Title: “Questions to Ask about Poems.” Patrick Groff. Elementary English (January 1975), 119-122. Elementary English preceded Language Arts as the elementary school publication of the National Council of Teachers of English (NCTE).
Why is this a poem? Is it different from a story?
Why do people write poems? Why don’t they write stories instead?
Why did this poet write this poem? What kind of person do you think he or she is?
Are there people in this poem? If not people, animals, mineral material or vegetable life)?
Where does this poem take place?
Is this poem funny, fast, light, frightening, exciting, happy? What other word does this poem make you think of?

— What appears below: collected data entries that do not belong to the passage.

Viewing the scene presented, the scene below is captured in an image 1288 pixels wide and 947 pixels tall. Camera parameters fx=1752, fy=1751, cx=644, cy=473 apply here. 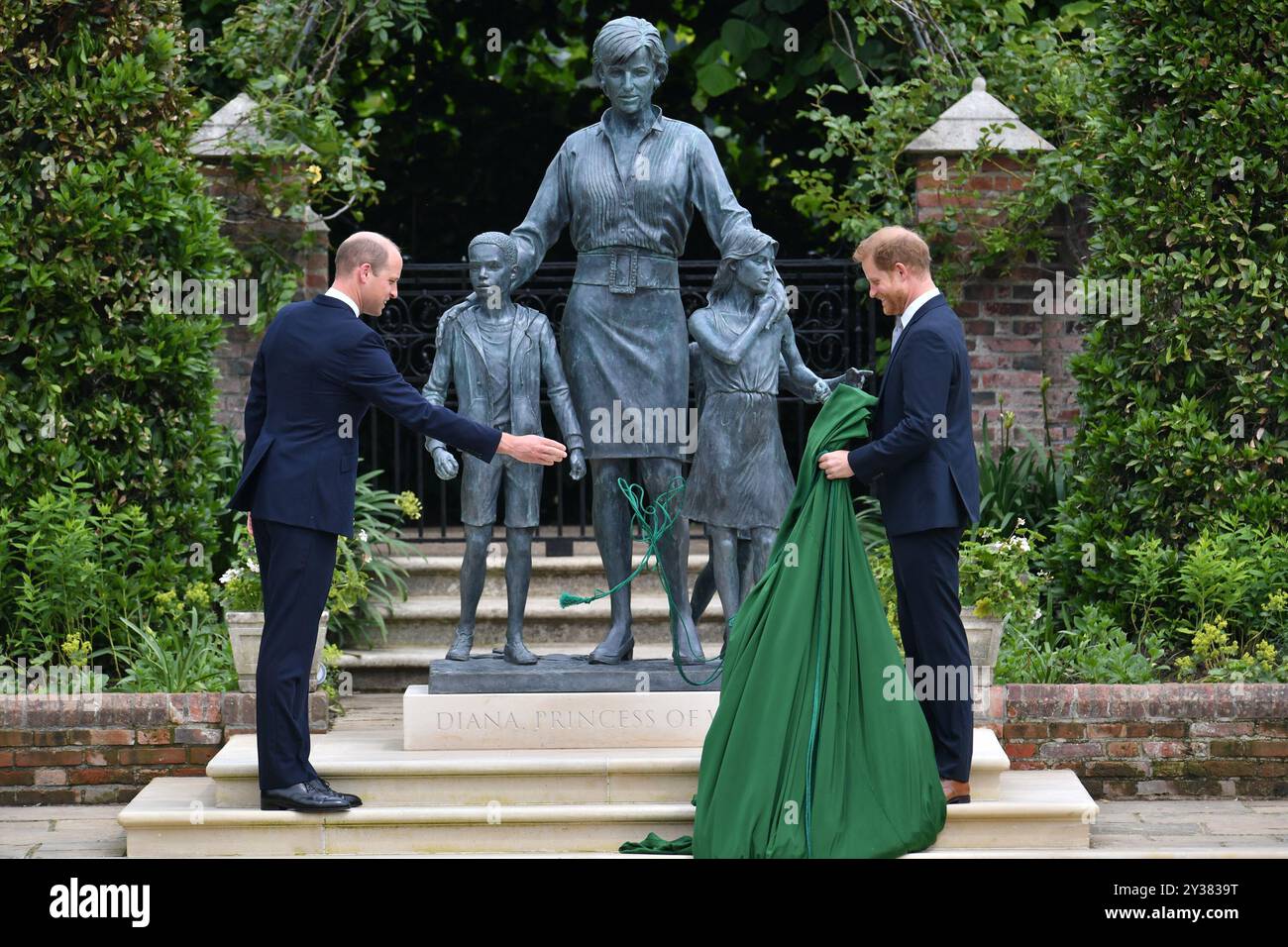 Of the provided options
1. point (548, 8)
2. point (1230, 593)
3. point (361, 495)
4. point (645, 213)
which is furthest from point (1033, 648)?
point (548, 8)

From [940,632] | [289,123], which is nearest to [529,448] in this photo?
[940,632]

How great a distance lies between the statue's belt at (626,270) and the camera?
619 cm

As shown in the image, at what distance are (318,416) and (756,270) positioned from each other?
64.8 inches

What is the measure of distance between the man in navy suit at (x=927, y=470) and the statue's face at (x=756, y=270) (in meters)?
0.67

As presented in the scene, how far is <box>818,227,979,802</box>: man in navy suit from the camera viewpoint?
534 centimetres

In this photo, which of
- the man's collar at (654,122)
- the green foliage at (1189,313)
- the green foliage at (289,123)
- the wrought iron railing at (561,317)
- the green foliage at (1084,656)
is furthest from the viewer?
the green foliage at (289,123)

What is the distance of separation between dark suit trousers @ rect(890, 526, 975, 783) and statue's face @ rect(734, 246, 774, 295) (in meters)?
1.16

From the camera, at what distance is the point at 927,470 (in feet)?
17.7

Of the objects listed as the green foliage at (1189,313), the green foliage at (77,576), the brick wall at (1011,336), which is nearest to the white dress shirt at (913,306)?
the green foliage at (1189,313)

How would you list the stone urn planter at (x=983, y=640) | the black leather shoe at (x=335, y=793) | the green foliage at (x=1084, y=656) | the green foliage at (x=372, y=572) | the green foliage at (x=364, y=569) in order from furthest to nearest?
the green foliage at (x=372, y=572), the green foliage at (x=364, y=569), the green foliage at (x=1084, y=656), the stone urn planter at (x=983, y=640), the black leather shoe at (x=335, y=793)

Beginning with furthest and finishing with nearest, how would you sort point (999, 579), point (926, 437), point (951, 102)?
point (951, 102) < point (999, 579) < point (926, 437)

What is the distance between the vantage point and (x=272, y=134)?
29.7 feet

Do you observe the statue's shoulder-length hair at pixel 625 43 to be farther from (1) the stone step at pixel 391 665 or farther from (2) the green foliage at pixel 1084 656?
(1) the stone step at pixel 391 665

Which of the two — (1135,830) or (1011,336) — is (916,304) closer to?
(1135,830) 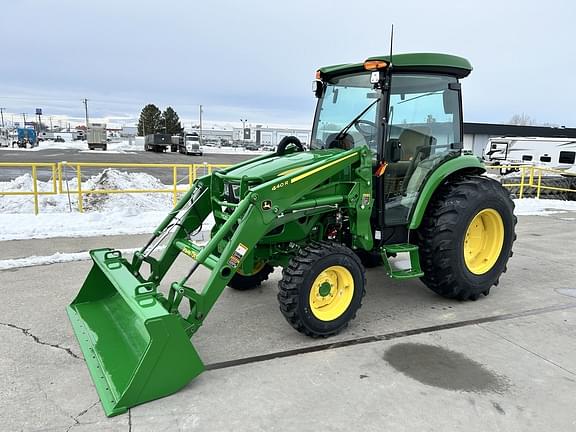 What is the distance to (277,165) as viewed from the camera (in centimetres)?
446

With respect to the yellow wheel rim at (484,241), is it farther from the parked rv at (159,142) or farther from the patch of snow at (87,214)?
the parked rv at (159,142)

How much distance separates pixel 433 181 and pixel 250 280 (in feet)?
Answer: 7.48

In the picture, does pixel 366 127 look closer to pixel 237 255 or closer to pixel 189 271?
pixel 237 255

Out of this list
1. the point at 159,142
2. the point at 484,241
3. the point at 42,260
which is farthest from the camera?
the point at 159,142

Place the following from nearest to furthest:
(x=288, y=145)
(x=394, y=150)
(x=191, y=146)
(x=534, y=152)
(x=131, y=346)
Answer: (x=131, y=346)
(x=394, y=150)
(x=288, y=145)
(x=534, y=152)
(x=191, y=146)

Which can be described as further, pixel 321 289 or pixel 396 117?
pixel 396 117

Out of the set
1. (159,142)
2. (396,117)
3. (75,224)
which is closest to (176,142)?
(159,142)

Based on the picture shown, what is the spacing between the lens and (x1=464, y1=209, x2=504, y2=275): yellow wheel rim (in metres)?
5.27

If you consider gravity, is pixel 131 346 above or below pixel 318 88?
below

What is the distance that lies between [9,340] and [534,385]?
14.1 ft

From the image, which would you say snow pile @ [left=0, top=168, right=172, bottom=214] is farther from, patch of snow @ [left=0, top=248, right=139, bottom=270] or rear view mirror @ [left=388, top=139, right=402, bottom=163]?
rear view mirror @ [left=388, top=139, right=402, bottom=163]

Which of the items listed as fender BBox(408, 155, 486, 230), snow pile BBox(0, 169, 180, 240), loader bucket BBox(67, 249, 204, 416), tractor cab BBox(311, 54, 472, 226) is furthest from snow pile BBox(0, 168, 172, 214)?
fender BBox(408, 155, 486, 230)

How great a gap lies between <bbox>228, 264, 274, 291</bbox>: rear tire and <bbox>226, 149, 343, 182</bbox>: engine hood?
122 centimetres

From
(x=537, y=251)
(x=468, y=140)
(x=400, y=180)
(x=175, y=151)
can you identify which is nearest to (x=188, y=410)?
(x=400, y=180)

What things are there in this poem to see?
What things are described in this poem?
Did this poem try to teach you something?
What might make this a better poem? What part, if any, would you change?
Are there any words or ideas in this poem you do not understand?
Find a word in the poem you think is interesting.
What words rhyme in this poem?
Are there some words in one line of this poem that begin with the same sound?
Are there words in this poem that sound like what they mean? (whiz, pop)
Are the lines in this poem short or long? Can you guess why?
Are there any sentences in this poem that look as though they were twisted around?
Is there something said in this poem that is intended to mean something else than what it says?
What poetry language (figures of speech) is in this poem?
Can you say in one sentence what this poem is all about?
Comment: See if you can find other articles by Patrick Groff. He is a maverick. His articles are almost always interesting and unusual. RayS.